Il processo di differenziamento culturale che
è stato l’inizio della scienza moderna inizia nel Trecento, nel Medioevo,
all’epoca della prime università (Bologna, Parigi; poi Padova e Oxford).
All’inizio del Trecento la cultura era monocorde. La teologia e la filosofia
erano basate sul metodo e sulla cosmologia aristotelici. Non vi era una
differenziazione chiara tra teologia e filosofia. Anche nell’organizzazione
accademica degli studi, non erano stabiliti percorsi di formazione e curricula nettamente differenziati per i
teologi e per i filosofi. Del resto per molti autori antichi era così: ad
esempio per S.Agostino, il quale nelle sue opere trattava questioni dell’una e
dell’altra disciplina. Però si dovette ad un certo punto stabilire un confine
di competenza, per impiantare uno studio di tipo accademico delle due
discipline.
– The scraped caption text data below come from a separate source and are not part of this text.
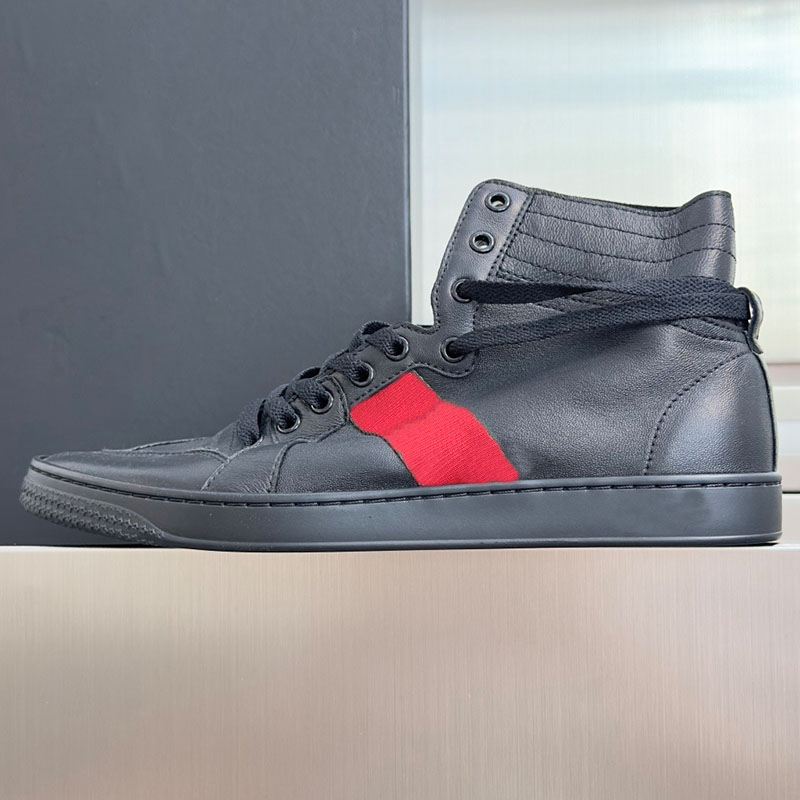 Stretch High Top Sneaker Designer Womens Mens Lychee Patterned Cowhide Board Shoes With Red Ribbon Embellishment On The Side Flat Bottomed Retro Cas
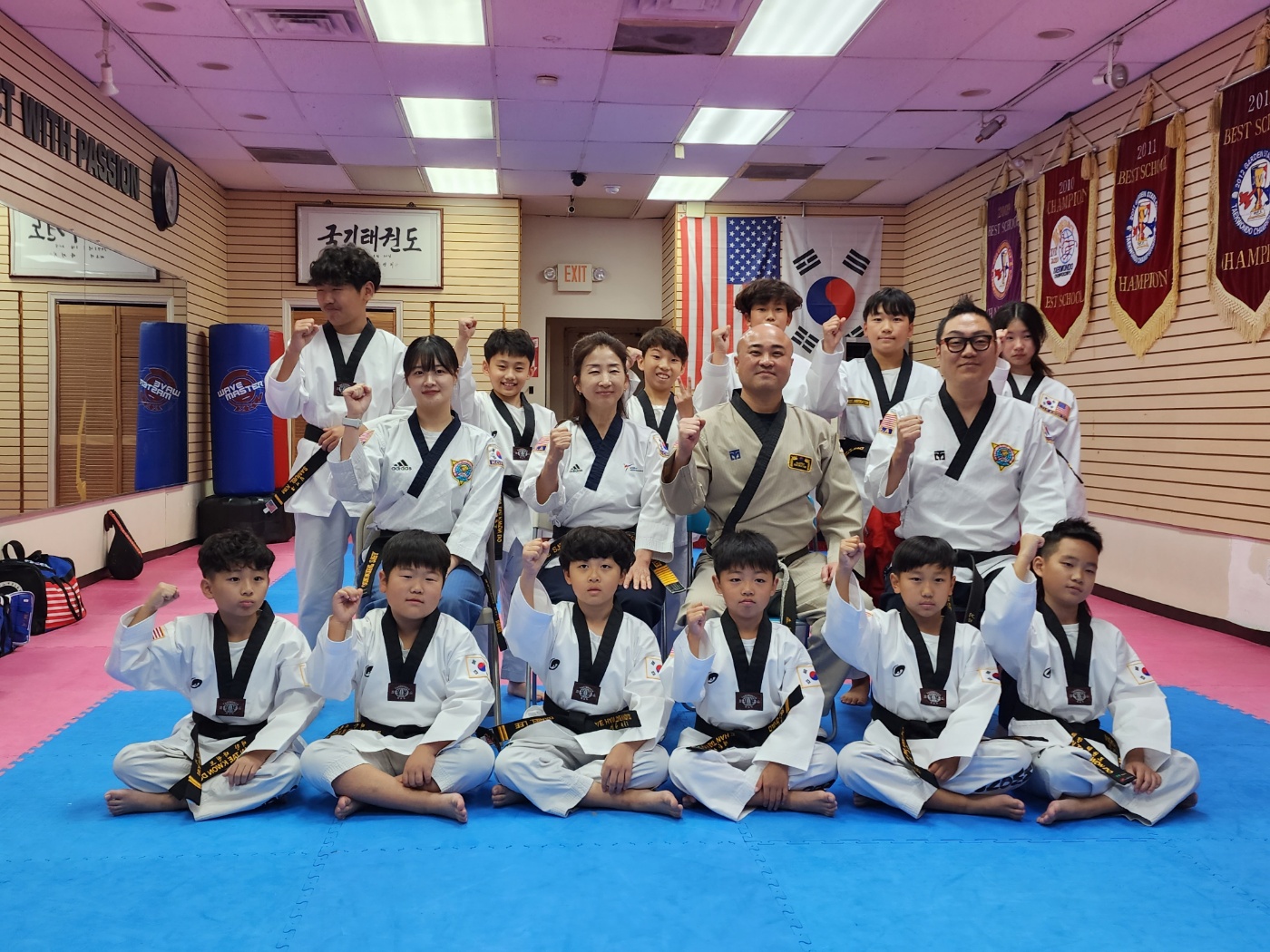 Dae Han Taekwondo group photo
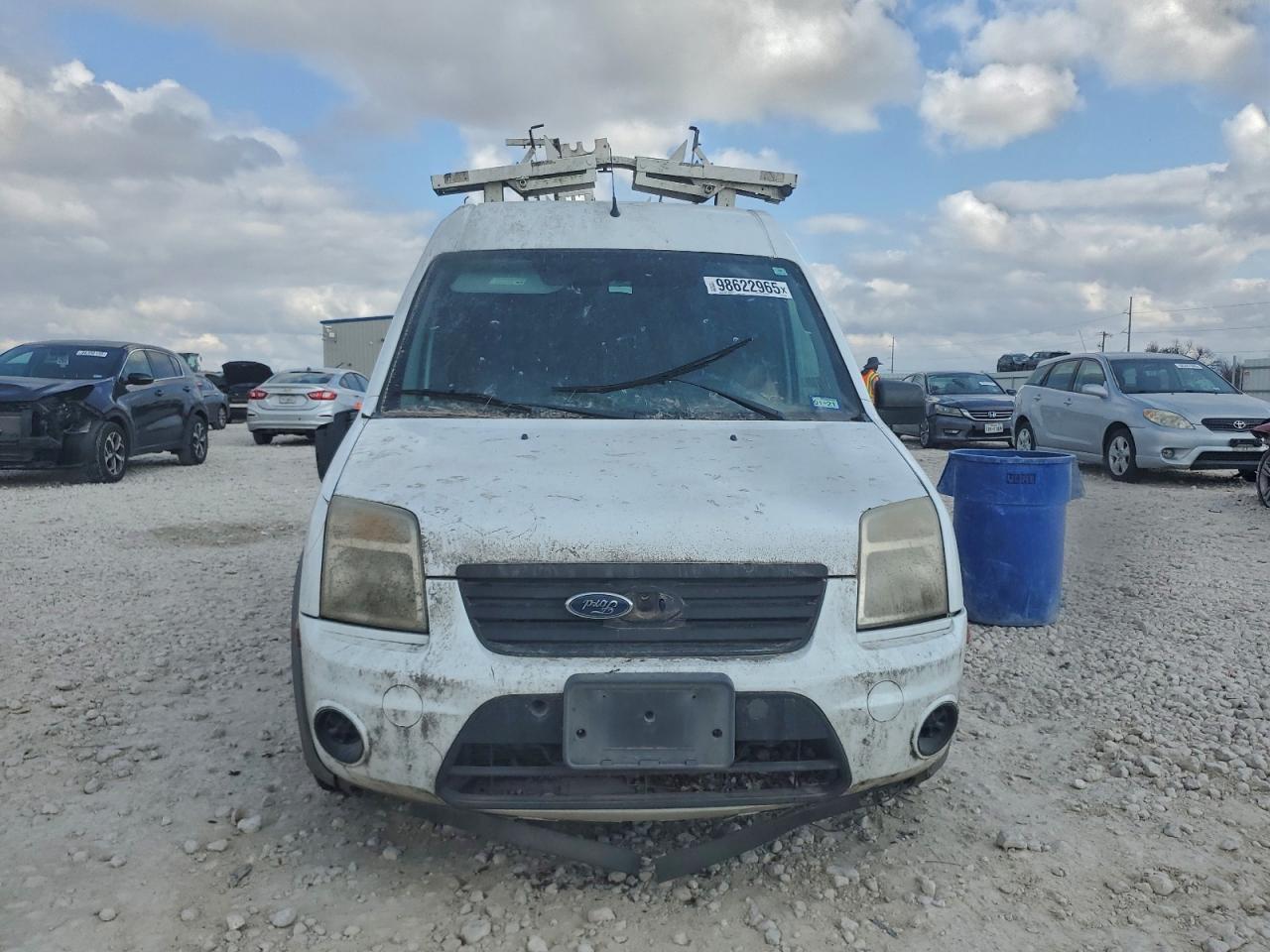 Ford Transit Xlt Image 11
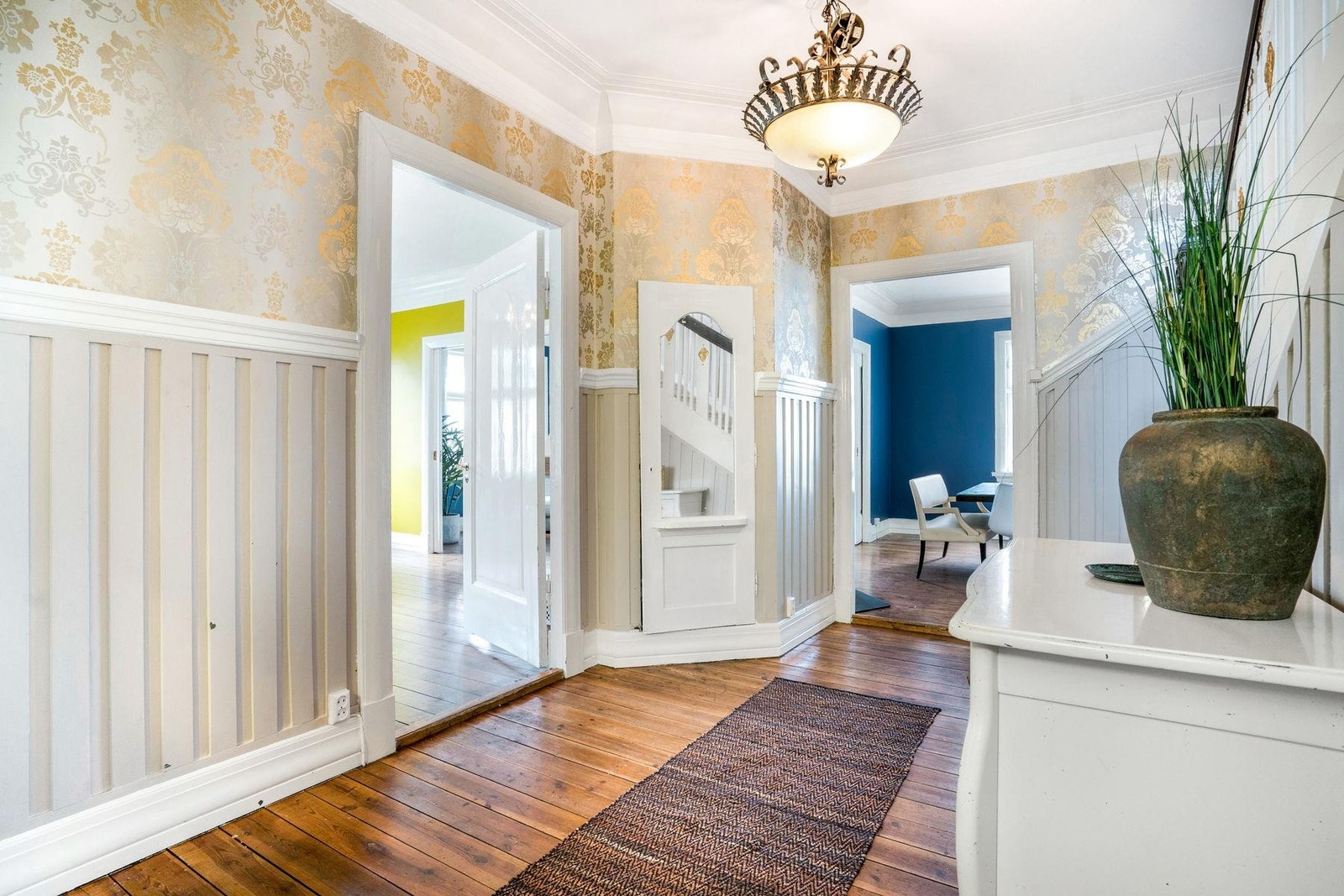 Fra hallen er det videre adkomst til dagligstue, finstue, spisestue og kjøkken. Galleribilde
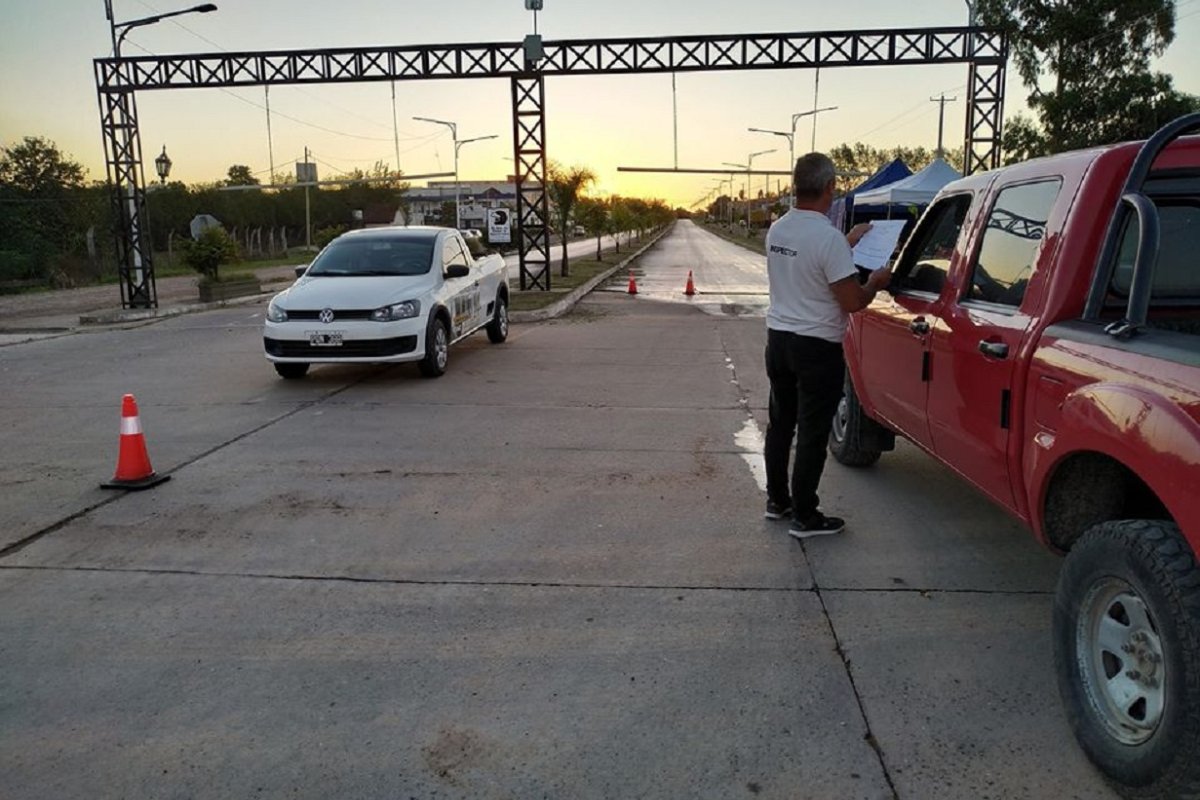 Control en el acceso a San Justo.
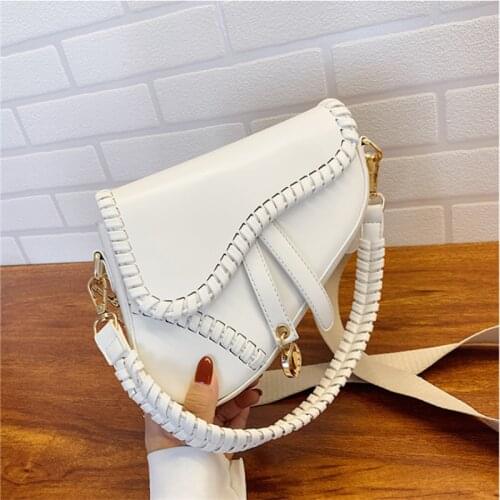 2021 New Fashion Saddle Women Bag One Shoulder Handle Trend Casual Hasp Zipper PU Material Polyester Inside Lock Ornament Bag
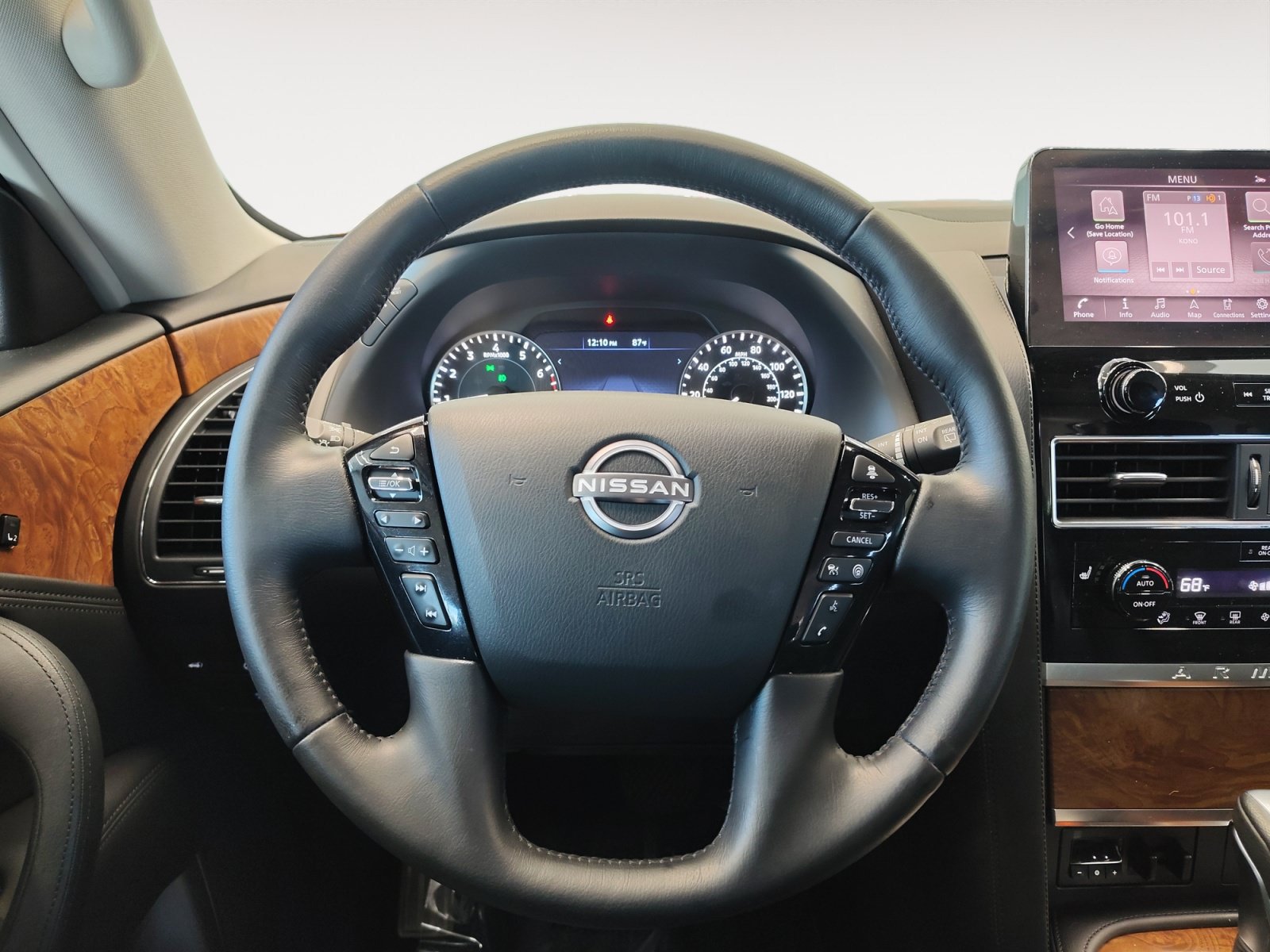 Used 2023 Nissan Armada SL w/ Captain's Chairs Package RWD image 15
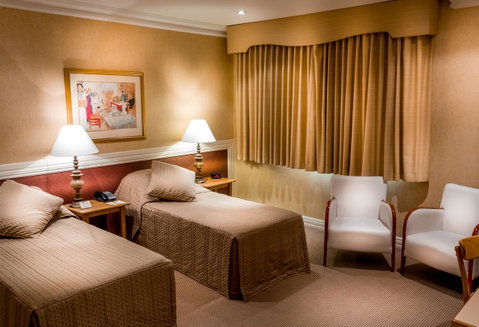 European Hotel - Accommodation Redcliffe 16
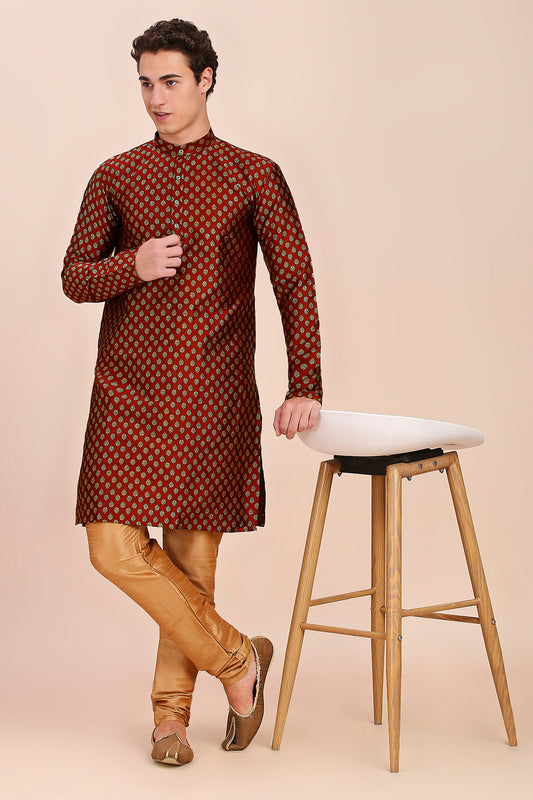 Plain With Golden Butti Regular fit Chinese collar Kurta for Men - Maroon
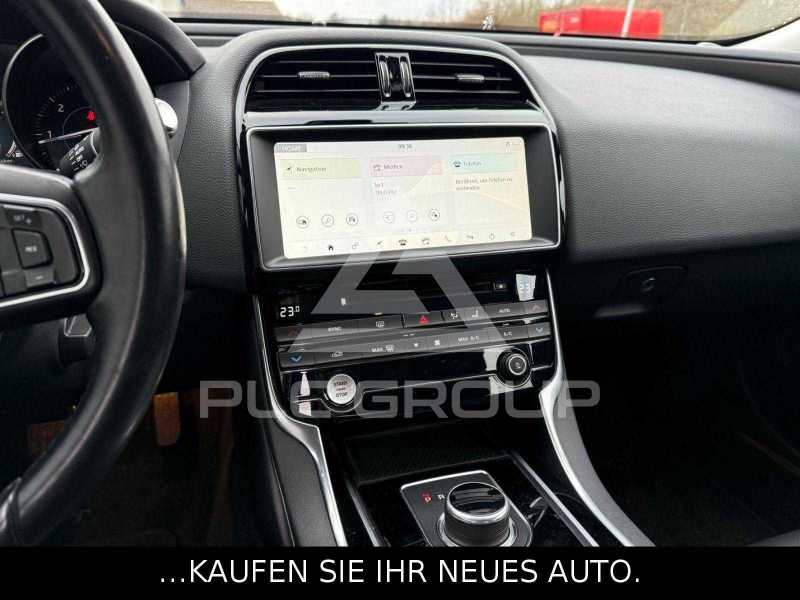 2017 Jaguar XE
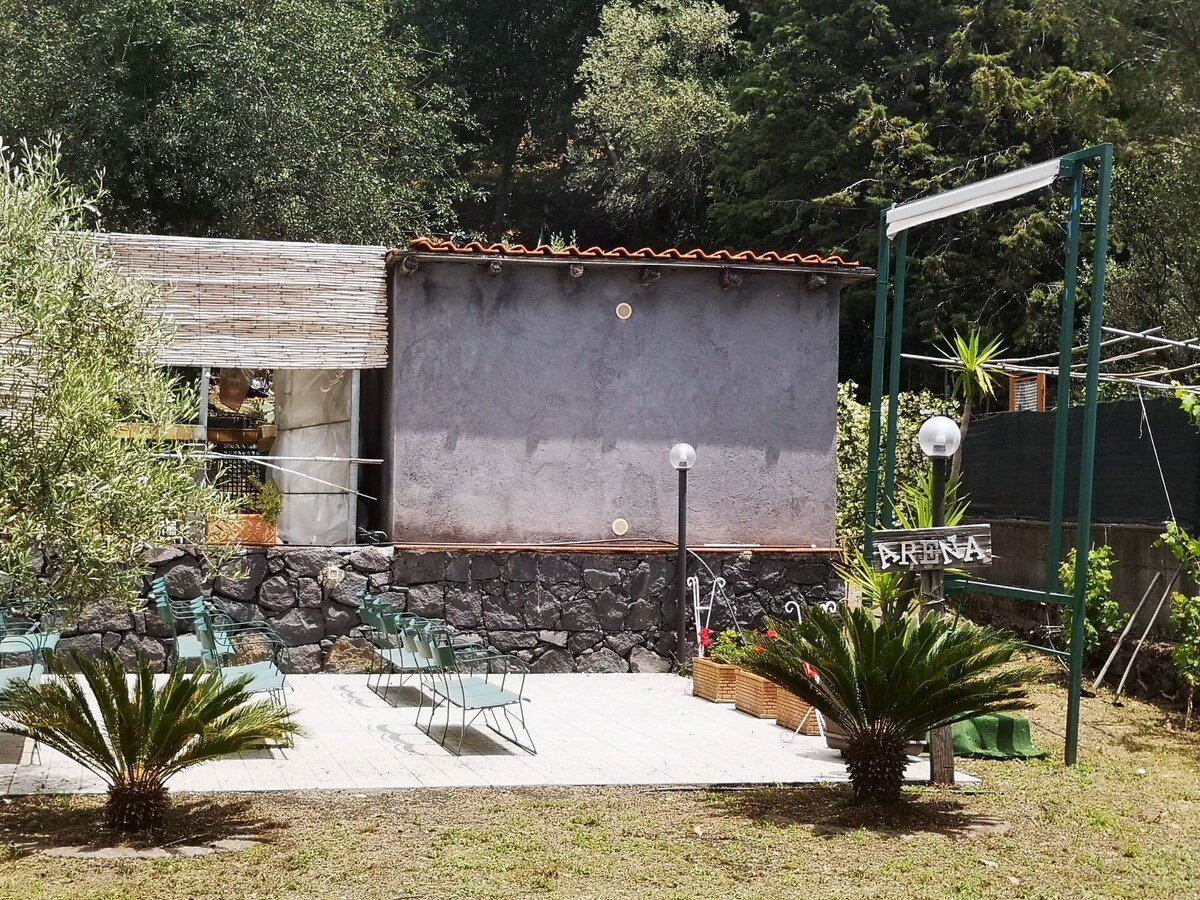 Piccolo cottage con piscina, boschetto e barbecue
Sorsero allora liti, che trascesero anche in vie di fatto, tra
filosofi e teologi. A Parigi nel 1230 si raggiunse un compromesso: i teologi
doveva interessarsi della “sopranatura” e il filosofi della “natura”. Tale compromesso fu però veramente accettato
dalla maggior parte degli studiosi solo
dopo diversi decenni. Nel 1270 però la controversia si riaccese. I filosofi
cominciarono ad argomentare, con il loro metodo di elaborazione logica del
pensiero, su questioni propriamente teologiche: ad esempio sulla questione se
Dio avrebbe potuto creare anche altri mondi o se Dio fosse soggetto alla logica
matematica (due più due fa quattro). L’arcivescovo di Parigi allora, nel 1277, anche
su impulso pressante del Papa Giovanni XXI, censurò 219 proposizioni dei
filosofi e proibì di ripeterle sotto minaccia di scomunica. Le controversie tra
teologi e filosofi allora si acquietarono.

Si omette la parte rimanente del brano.